Could you set down exactly the lines of the data below, starting at the one that holds "Strawberry Jacquard Knit" and ending at the one that holds "Celestial Seasonings Roastaroma", both included, and only those?

[Dataset items]
BEGIN

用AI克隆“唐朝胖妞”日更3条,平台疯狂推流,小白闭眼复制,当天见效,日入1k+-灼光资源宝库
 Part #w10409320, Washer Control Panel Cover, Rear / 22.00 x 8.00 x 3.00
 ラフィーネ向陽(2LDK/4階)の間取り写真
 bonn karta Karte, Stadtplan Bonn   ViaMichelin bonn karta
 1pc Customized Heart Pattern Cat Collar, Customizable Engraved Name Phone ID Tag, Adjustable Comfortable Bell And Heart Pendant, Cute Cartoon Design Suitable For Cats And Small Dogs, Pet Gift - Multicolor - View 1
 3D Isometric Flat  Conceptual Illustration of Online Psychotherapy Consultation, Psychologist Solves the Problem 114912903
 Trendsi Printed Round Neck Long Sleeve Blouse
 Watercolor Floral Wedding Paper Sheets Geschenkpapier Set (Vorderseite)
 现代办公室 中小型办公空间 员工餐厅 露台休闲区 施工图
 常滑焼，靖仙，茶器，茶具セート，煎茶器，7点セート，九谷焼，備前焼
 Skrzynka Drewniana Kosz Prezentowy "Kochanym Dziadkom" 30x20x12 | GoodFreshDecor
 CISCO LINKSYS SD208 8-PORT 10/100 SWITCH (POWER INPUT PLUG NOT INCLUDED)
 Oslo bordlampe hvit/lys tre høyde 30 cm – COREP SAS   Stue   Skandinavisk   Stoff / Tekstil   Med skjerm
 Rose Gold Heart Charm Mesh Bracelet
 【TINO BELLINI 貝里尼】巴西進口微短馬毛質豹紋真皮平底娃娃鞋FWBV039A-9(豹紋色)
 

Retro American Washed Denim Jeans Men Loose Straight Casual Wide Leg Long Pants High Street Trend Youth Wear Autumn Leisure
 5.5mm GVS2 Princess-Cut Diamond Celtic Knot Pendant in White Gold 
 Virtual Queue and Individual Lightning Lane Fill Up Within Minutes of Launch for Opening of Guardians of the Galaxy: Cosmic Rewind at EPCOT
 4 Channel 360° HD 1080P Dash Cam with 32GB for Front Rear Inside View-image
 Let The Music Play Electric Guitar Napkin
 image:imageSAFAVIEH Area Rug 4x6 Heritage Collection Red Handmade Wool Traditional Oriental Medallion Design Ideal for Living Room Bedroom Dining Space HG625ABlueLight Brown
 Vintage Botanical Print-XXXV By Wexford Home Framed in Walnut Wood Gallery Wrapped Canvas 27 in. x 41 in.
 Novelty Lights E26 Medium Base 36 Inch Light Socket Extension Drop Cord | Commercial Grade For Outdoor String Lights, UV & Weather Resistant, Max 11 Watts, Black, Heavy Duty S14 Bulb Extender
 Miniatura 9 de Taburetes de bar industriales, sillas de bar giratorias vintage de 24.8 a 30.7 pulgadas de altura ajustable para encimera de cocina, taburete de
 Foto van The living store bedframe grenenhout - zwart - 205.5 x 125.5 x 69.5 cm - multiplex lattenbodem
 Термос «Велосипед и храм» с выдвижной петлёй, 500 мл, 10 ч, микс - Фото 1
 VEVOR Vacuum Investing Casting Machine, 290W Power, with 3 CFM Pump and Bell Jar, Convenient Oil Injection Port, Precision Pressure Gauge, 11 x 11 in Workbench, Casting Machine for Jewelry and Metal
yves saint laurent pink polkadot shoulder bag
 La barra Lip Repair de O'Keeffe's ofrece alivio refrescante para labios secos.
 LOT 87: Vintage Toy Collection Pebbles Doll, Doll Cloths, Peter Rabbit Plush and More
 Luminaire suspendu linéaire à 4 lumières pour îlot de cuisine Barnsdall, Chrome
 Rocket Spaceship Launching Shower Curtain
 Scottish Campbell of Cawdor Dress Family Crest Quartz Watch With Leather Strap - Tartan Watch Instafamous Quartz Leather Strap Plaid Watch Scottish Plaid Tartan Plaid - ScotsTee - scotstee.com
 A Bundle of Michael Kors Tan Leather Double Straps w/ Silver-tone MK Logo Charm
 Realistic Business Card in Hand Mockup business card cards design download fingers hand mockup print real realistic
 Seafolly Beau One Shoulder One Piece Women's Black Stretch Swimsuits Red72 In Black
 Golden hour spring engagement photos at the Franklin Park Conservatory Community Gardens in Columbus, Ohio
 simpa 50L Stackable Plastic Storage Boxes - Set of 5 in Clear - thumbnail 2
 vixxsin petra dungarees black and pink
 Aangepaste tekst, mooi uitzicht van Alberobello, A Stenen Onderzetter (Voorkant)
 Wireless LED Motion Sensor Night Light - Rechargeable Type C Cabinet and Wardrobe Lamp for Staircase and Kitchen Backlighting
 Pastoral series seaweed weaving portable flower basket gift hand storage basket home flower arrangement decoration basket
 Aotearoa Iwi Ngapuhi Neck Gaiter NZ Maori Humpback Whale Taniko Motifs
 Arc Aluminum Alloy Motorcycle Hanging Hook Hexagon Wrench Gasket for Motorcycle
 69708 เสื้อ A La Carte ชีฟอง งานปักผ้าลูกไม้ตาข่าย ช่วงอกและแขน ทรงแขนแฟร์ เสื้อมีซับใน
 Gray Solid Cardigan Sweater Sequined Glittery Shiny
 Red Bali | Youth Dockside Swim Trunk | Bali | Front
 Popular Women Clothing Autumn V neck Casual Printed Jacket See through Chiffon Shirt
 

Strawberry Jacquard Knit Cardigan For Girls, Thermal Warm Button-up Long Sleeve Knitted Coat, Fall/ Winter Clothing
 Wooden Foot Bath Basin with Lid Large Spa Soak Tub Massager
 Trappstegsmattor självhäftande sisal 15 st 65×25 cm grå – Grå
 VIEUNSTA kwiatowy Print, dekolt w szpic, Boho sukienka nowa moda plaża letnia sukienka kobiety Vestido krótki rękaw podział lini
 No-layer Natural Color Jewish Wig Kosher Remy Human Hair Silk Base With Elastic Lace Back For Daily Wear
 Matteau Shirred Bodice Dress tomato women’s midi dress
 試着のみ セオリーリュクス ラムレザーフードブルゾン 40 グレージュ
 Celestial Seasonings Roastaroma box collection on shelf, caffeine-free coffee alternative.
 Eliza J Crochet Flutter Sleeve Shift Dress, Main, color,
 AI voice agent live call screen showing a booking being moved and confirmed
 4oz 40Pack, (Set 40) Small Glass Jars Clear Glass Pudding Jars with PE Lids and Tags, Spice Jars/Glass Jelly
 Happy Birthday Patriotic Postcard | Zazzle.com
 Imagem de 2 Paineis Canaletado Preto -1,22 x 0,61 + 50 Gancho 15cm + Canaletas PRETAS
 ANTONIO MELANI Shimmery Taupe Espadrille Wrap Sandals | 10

END

_RESULT OF THIS TASK_
Strawberry Jacquard Knit Cardigan For Girls, Thermal Warm Button-up Long Sleeve Knitted Coat, Fall/ Winter Clothing
 Wooden Foot Bath Basin with Lid Large Spa Soak Tub Massager
 Trappstegsmattor självhäftande sisal 15 st 65×25 cm grå – Grå
 VIEUNSTA kwiatowy Print, dekolt w szpic, Boho sukienka nowa moda plaża letnia sukienka kobiety Vestido krótki rękaw podział lini
 No-layer Natural Color Jewish Wig Kosher Remy Human Hair Silk Base With Elastic Lace Back For Daily Wear
 Matteau Shirred Bodice Dress tomato women’s midi dress
 試着のみ セオリーリュクス ラムレザーフードブルゾン 40 グレージュ
 Celestial Seasonings Roastaroma box collection on shelf, caffeine-free coffee alternative.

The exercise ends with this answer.